╭─ Exercise materials

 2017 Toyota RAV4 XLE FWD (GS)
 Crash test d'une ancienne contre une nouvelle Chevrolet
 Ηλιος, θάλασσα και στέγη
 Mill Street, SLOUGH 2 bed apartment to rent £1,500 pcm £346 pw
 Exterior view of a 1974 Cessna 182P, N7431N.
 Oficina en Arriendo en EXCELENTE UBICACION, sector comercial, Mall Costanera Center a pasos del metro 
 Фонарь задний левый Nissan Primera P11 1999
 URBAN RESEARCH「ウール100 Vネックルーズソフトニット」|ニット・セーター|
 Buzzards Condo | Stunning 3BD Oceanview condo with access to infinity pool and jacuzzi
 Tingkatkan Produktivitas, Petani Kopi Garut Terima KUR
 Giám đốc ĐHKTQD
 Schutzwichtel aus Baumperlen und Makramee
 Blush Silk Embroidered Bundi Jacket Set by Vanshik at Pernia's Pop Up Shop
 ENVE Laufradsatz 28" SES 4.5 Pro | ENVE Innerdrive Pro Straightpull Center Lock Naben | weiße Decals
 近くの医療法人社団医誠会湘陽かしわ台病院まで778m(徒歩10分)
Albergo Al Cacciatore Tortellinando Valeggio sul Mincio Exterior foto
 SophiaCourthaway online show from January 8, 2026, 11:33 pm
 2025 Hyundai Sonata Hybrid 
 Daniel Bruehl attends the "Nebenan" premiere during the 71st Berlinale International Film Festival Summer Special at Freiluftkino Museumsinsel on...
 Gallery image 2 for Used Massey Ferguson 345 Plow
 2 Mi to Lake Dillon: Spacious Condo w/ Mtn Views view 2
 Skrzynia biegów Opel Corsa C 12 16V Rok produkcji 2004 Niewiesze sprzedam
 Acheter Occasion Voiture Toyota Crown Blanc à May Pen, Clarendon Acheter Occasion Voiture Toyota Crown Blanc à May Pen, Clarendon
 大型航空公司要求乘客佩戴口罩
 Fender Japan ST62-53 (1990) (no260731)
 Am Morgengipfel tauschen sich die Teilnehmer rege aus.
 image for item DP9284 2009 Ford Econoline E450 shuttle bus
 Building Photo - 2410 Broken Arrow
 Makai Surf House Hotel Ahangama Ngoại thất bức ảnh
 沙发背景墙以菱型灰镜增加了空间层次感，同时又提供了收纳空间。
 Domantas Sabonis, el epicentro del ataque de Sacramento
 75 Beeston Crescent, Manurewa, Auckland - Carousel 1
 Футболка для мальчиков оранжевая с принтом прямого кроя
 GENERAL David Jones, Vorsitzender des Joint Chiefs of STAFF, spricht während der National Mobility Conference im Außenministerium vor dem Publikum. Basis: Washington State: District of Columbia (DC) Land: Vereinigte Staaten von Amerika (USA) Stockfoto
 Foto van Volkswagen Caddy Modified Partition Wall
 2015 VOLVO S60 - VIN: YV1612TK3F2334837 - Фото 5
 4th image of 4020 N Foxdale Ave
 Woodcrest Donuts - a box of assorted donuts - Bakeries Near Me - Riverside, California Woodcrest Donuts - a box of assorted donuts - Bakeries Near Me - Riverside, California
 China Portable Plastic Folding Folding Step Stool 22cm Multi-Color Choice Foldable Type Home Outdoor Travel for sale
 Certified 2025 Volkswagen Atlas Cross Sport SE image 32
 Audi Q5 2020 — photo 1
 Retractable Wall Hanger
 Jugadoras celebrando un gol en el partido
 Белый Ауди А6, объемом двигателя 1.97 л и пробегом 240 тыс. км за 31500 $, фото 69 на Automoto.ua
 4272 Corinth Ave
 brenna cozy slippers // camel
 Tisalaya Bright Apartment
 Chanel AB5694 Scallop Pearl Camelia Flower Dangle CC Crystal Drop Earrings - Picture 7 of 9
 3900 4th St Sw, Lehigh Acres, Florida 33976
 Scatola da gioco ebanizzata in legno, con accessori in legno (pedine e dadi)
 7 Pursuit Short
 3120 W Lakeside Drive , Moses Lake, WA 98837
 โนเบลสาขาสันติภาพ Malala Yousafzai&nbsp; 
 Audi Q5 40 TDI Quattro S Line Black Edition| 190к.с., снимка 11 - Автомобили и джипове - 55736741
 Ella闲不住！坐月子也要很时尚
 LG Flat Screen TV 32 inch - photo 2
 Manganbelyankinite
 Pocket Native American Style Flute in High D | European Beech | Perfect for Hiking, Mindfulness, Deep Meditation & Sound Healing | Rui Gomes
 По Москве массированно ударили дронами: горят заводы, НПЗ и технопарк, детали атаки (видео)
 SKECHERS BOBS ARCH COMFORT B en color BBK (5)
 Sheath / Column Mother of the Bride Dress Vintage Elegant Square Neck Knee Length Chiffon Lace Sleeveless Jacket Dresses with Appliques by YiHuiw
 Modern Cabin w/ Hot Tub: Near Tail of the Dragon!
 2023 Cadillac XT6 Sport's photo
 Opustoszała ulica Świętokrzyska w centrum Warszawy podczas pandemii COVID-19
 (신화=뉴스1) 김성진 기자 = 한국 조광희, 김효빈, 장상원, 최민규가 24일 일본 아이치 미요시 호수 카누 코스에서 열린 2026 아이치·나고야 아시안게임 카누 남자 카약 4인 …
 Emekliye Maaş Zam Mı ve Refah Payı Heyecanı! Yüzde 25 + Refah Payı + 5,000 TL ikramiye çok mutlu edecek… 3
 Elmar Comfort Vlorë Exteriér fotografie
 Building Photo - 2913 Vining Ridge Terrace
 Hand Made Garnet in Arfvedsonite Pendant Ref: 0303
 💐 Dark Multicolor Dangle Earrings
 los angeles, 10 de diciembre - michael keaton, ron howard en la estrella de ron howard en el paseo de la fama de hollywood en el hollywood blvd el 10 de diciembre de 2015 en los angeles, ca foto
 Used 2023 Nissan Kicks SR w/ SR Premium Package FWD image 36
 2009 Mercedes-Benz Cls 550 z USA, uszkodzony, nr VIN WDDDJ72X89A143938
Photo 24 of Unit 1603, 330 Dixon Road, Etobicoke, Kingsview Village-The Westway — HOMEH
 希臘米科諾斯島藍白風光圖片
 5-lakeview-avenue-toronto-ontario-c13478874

╰─

■ **What you should do**
Lines from the one containing "Photo 24 of" through the final line of the entries above are to be output exactly; omit all others.

■ **Your solution**
Photo 24 of Unit 1603, 330 Dixon Road, Etobicoke, Kingsview Village-The Westway — HOMEH
 希臘米科諾斯島藍白風光圖片
 5-lakeview-avenue-toronto-ontario-c13478874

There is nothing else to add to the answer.